START SUPPLIED ENTRIES
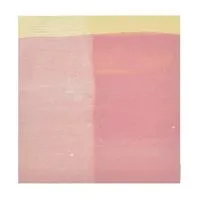 Angob-rozoviy-(210 ml), Glavglazur-1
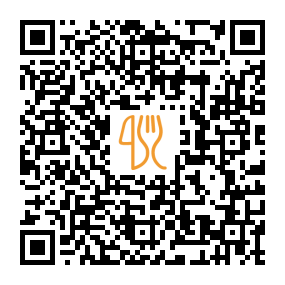 QR-code link para o menu de Pho May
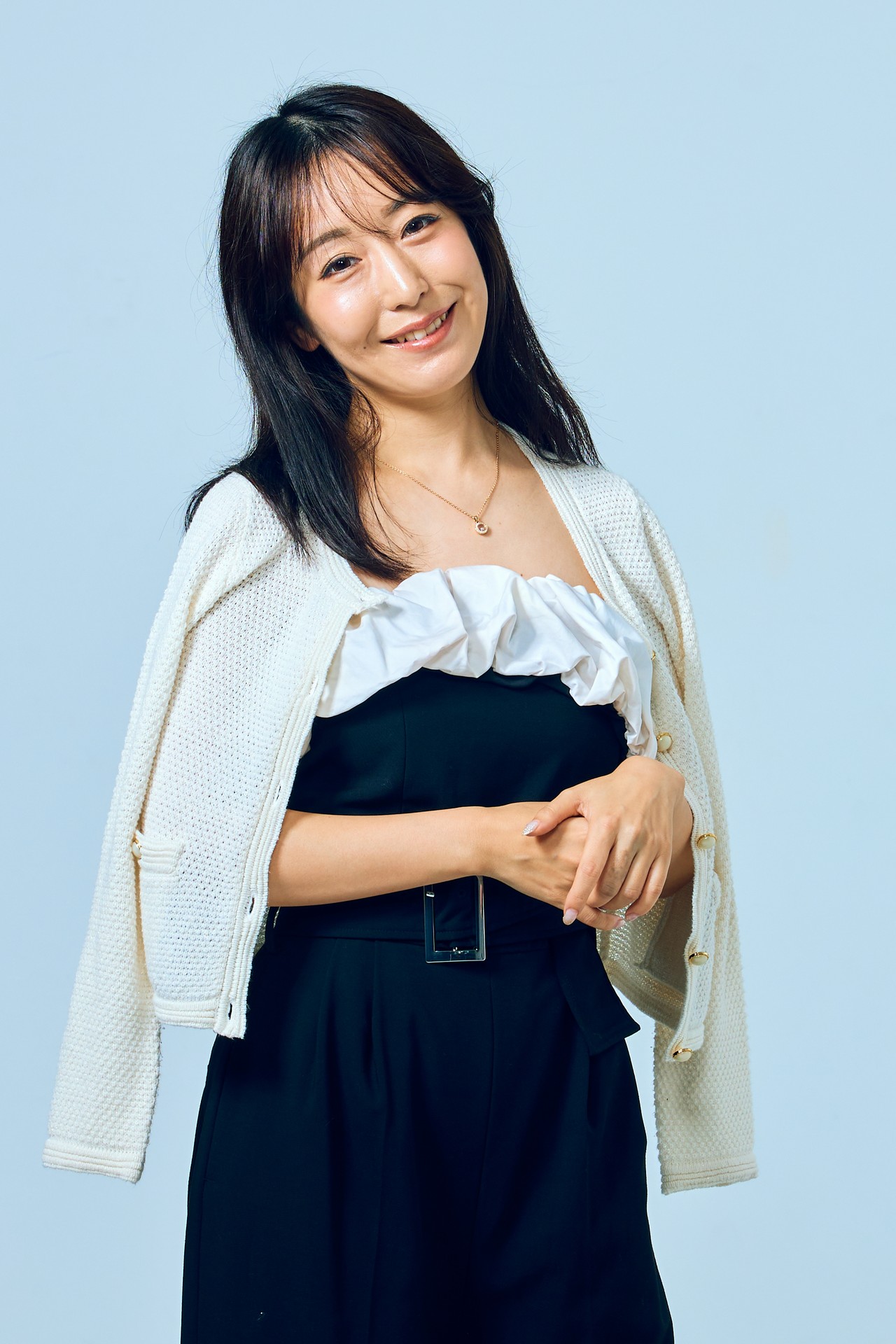 REN YAMAGUCHI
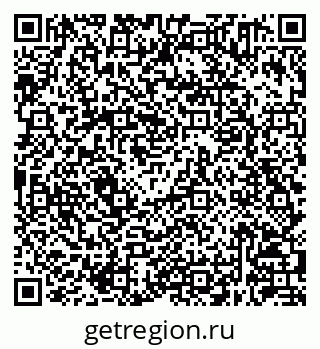 79630241682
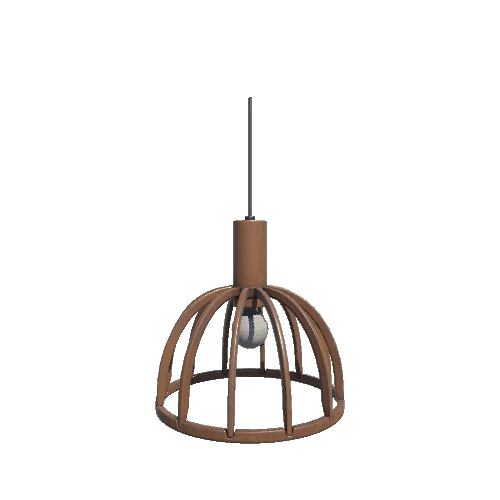 SM_Pendant_Light_02b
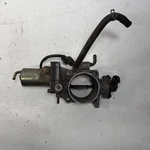 93-95 Acura Legend Throttle Body & Tcs Traction Control Valve 16400-PX9-A11 Oem. Fixed Price $99.00.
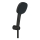 GROHE 263992431 - Dušo komplektas VITALIO COMFORT 110, 110 mm, juodas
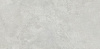 Плитка Limestone Bianco 60x120 Antislip (2 шт.в уп)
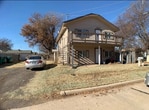 Foto principal - 1207 N Ross Ave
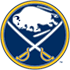 buffalo-sabres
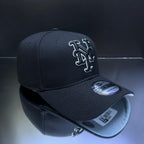 NY YANKEES NETS NEGRO\BLANCO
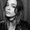 Photo of Stefanie Y.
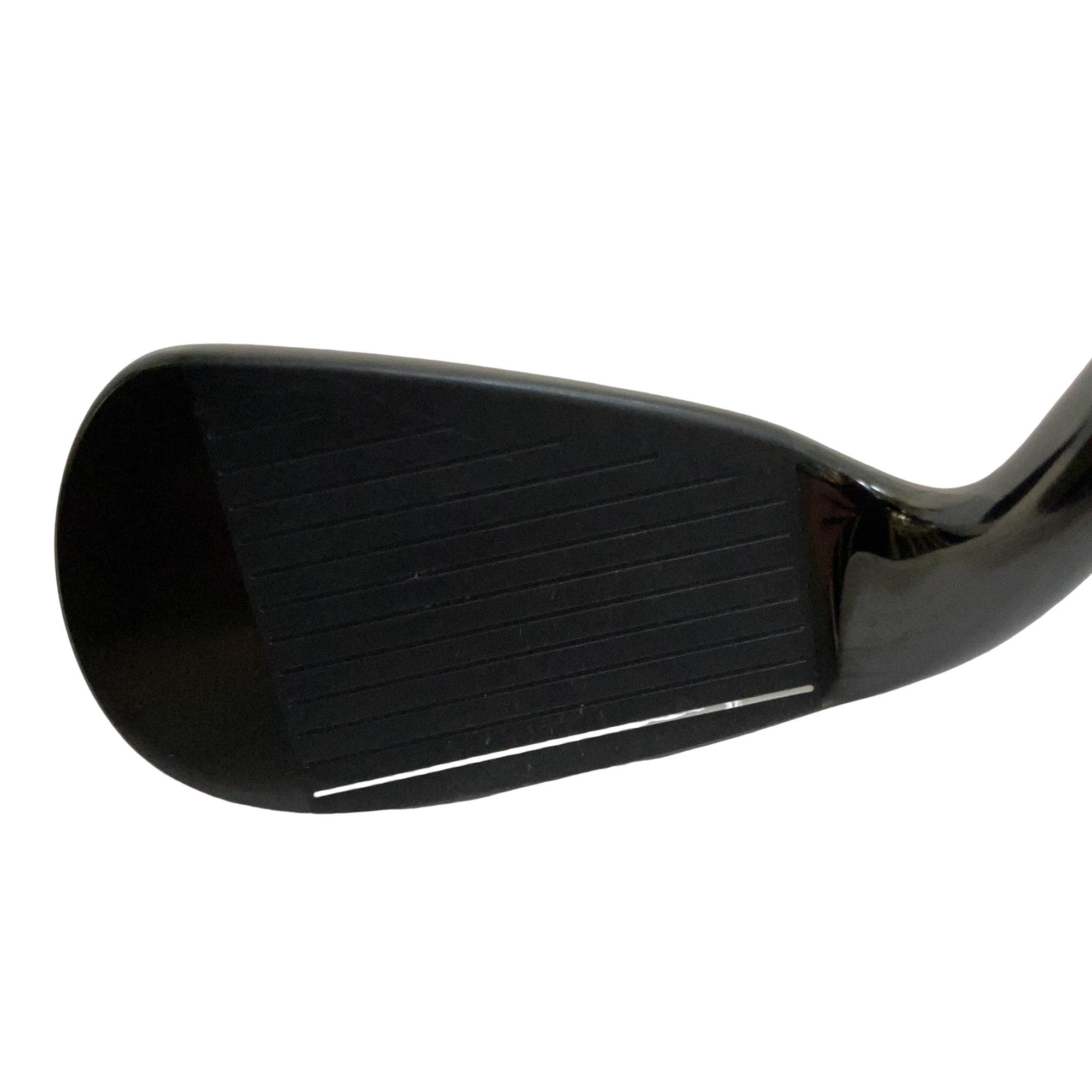 �d�y�n�m�d�@�q���������i�Q�O�Q�P�j�@�W�r�i���{���F�W�{�Z�b�g�j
END SUPPLIED ENTRIES
**WORK TO COMPLETE**
What is wanted is an exact copy of the lines from the line with "NY YANKEES NETS NEGRO\BLANCO" through the end of the records, both ends included, pictures excluded.

**EXPECTED OUTPUT**
 NY YANKEES NETS NEGRO\BLANCO
 Photo of Stefanie Y.
 �d�y�n�m�d�@�q���������i�Q�O�Q�P�j�@�W�r�i���{���F�W�{�Z�b�g�j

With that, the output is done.